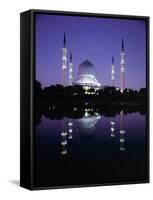 Reflection in Tranquil Water of the Sultan Salahuddin Abdul Aziz Shah Mosque-Gavin Hellier-Framed Stretched Canvas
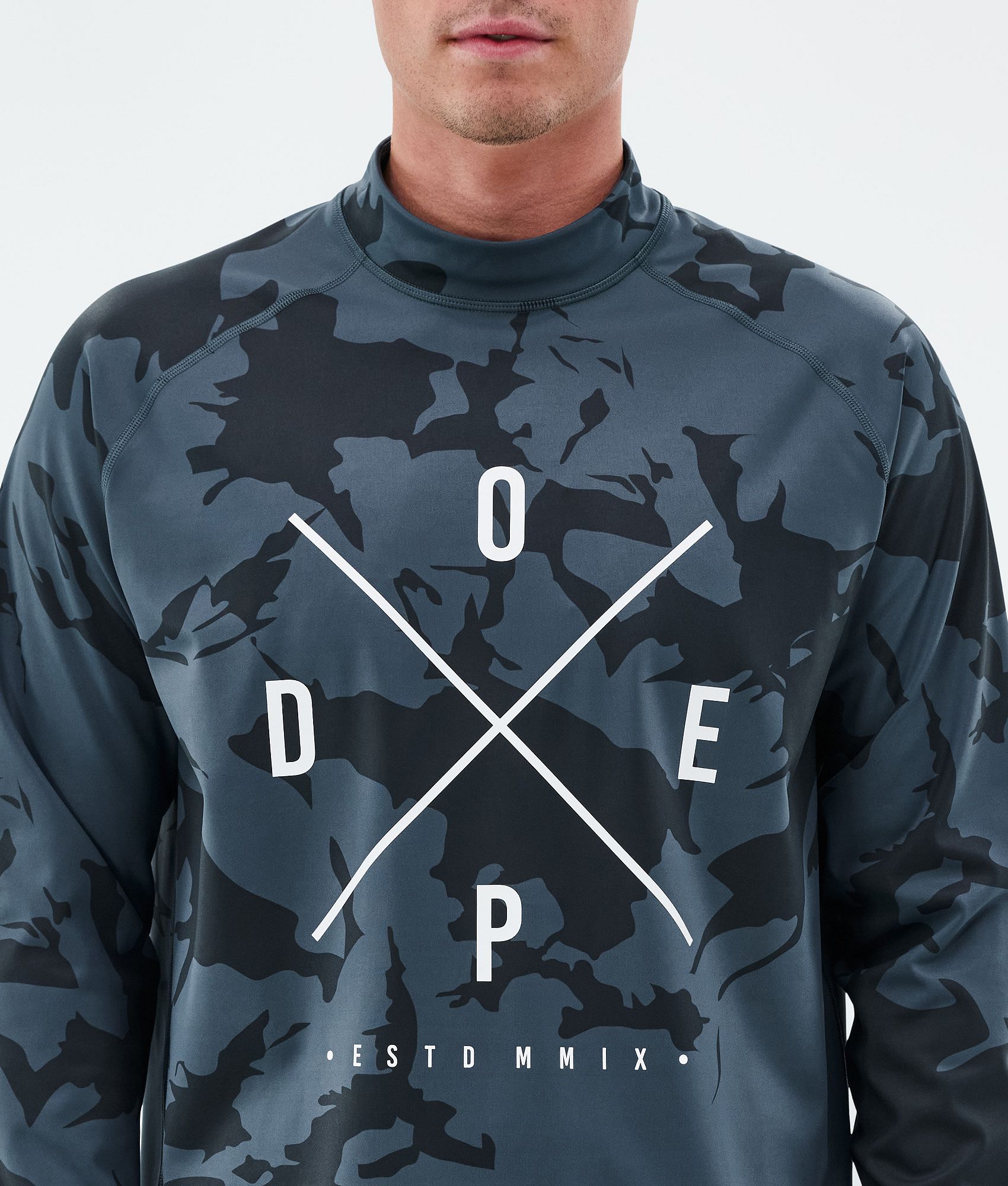 Base Layer Top For Men 2X-Up Metal Blue Camo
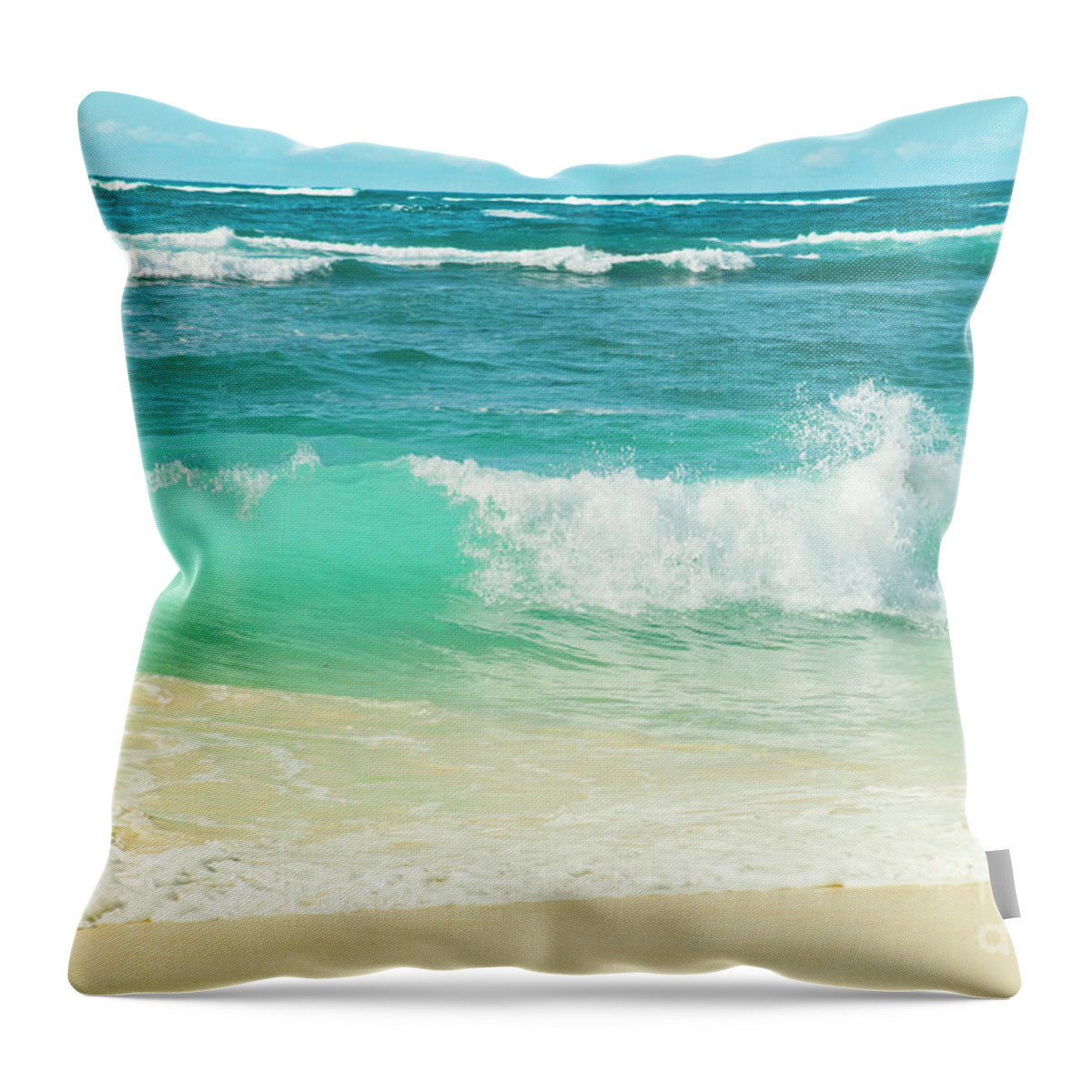 Summer Sea Throw Pillow featuring the photograph Summer Sea by Sharon Mau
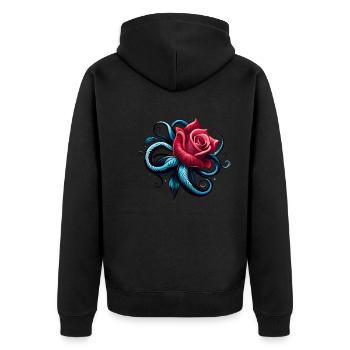 ROSE Tatoo - Unisex Premium Bio Zip Hoodie - Schwarz - Hinten - Nico (187cm)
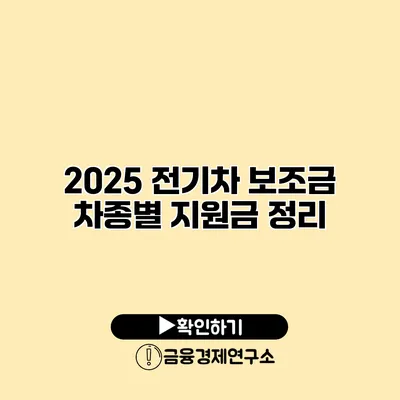 2025 전기차 보조금 차종별 지원금 정리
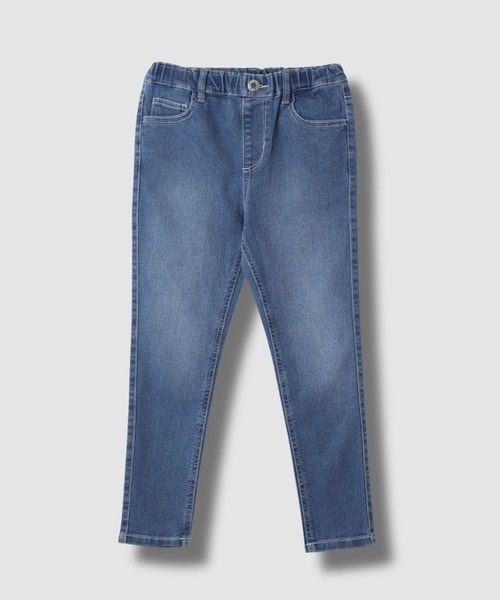NAVY(ネイビー)の「NAVY のびるモン デニムストレッチスキニーリブパンツ(デニムパンツ・キッズ・ネイビー/ブルー・120/160/150/140/130)」の2枚目の写真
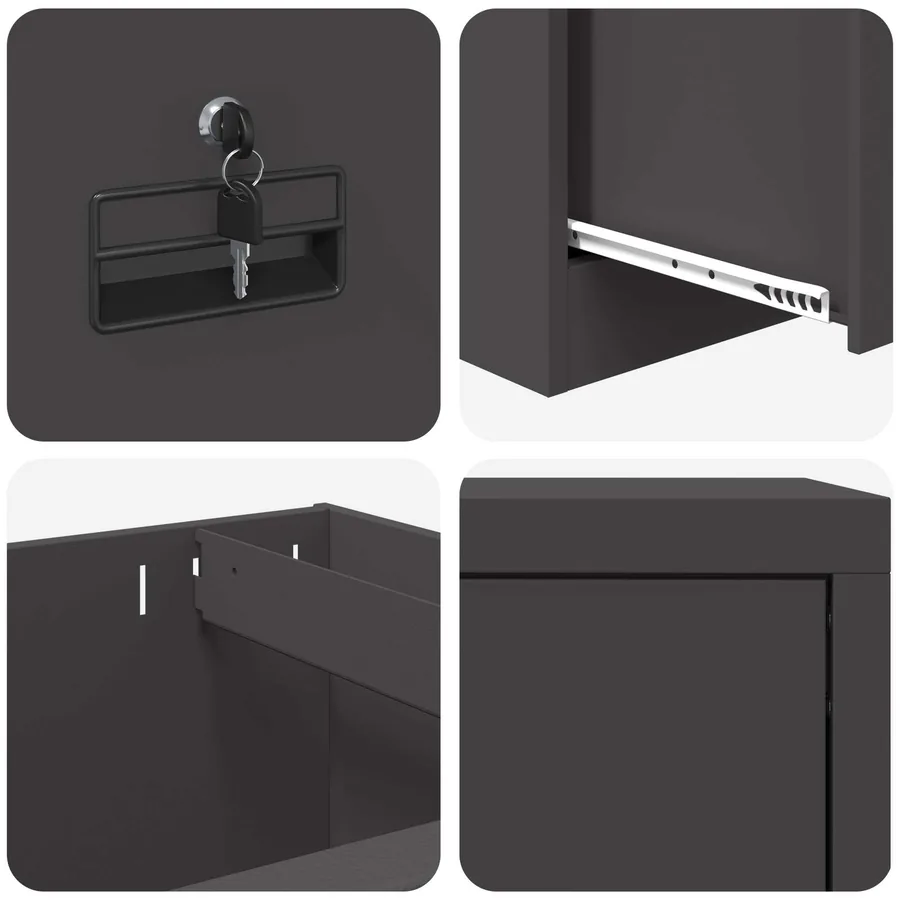 Cabinet de Dossier Noir 45,5 x 42 x 139 cm Acier Laminé à Froid - 8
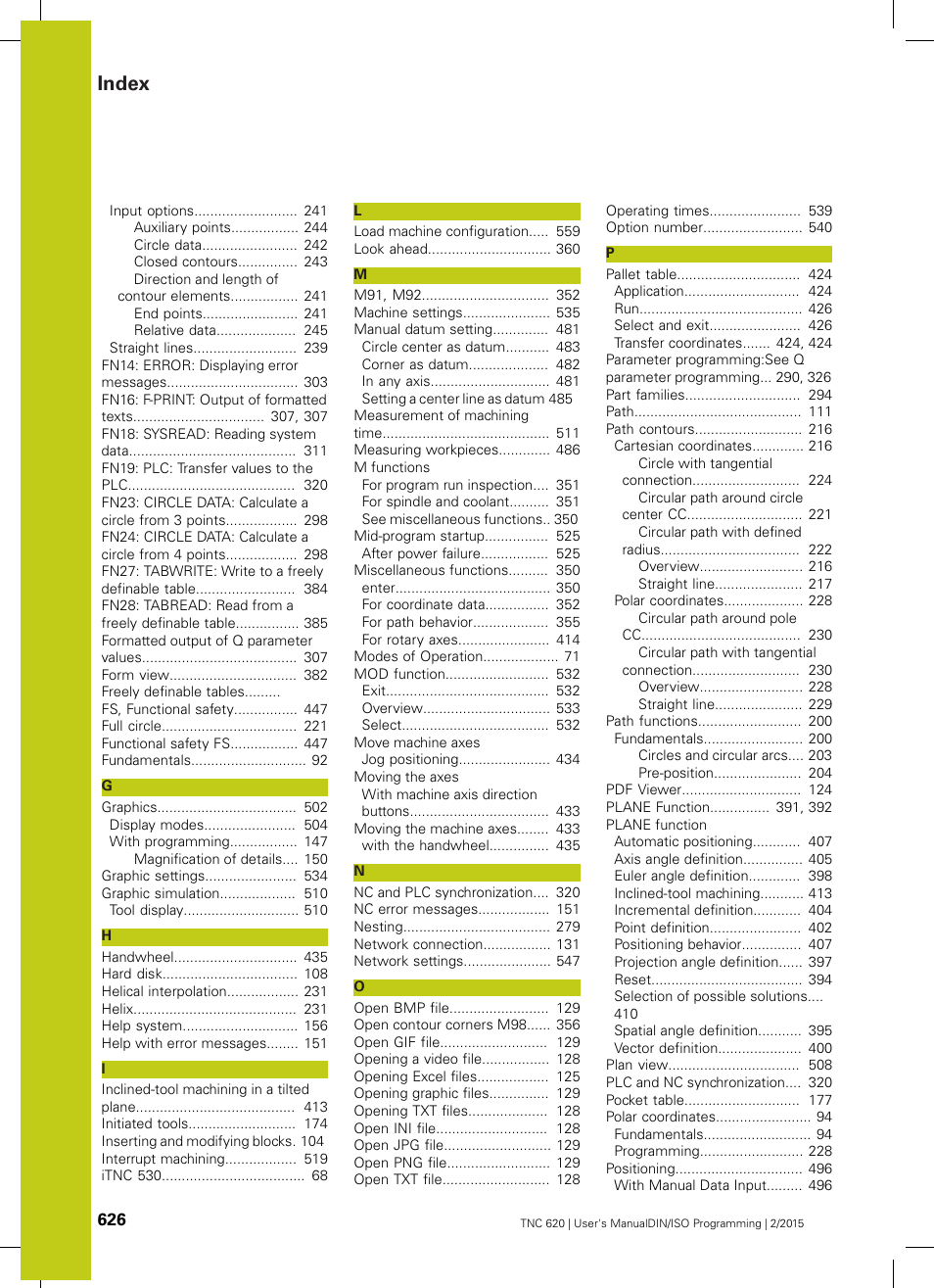 Index | HEIDENHAIN TNC 620 (81760x-02) ISO programming User Manual | Page 626 / 629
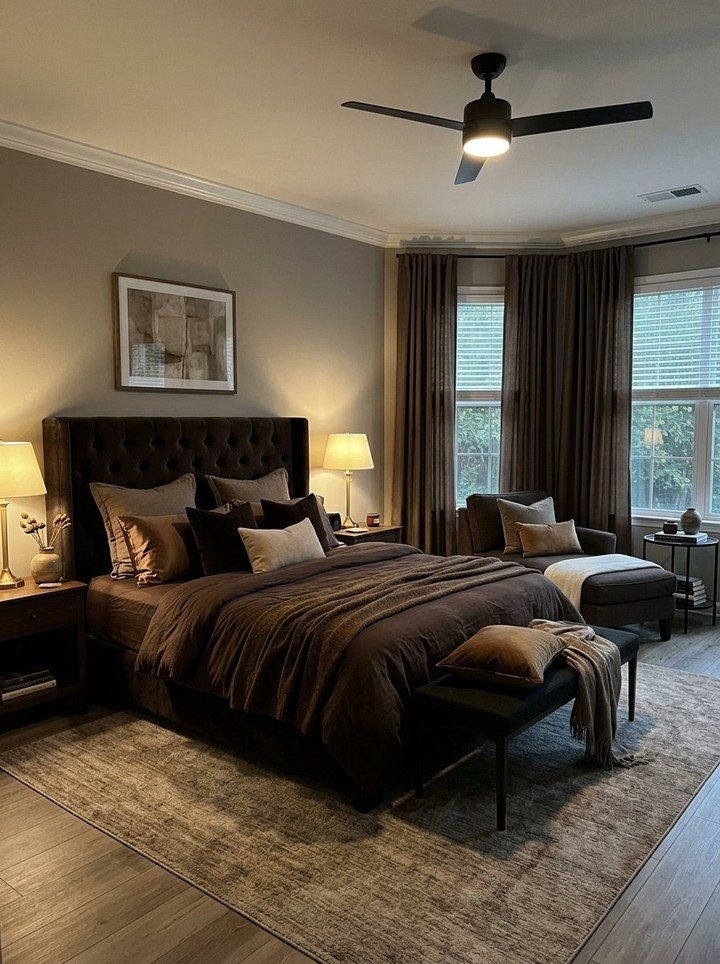 Dark brown bedding and a black tufted headboard in a modern bedroom setting.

---+---

Please reproduce, word for word, only the lines from the line that holds "ROSE Tatoo - Unisex" through the final line of the entries above, omitting any pictures.

Expected answer:
 ROSE Tatoo - Unisex Premium Bio Zip Hoodie - Schwarz - Hinten - Nico (187cm)
 2025 전기차 보조금 차종별 지원금 정리
NAVY(ネイビー)の「NAVY のびるモン デニムストレッチスキニーリブパンツ(デニムパンツ・キッズ・ネイビー/ブルー・120/160/150/140/130)」の2枚目の写真
 Cabinet de Dossier Noir 45,5 x 42 x 139 cm Acier Laminé à Froid - 8
 Index | HEIDENHAIN TNC 620 (81760x-02) ISO programming User Manual | Page 626 / 629
 Dark brown bedding and a black tufted headboard in a modern bedroom setting.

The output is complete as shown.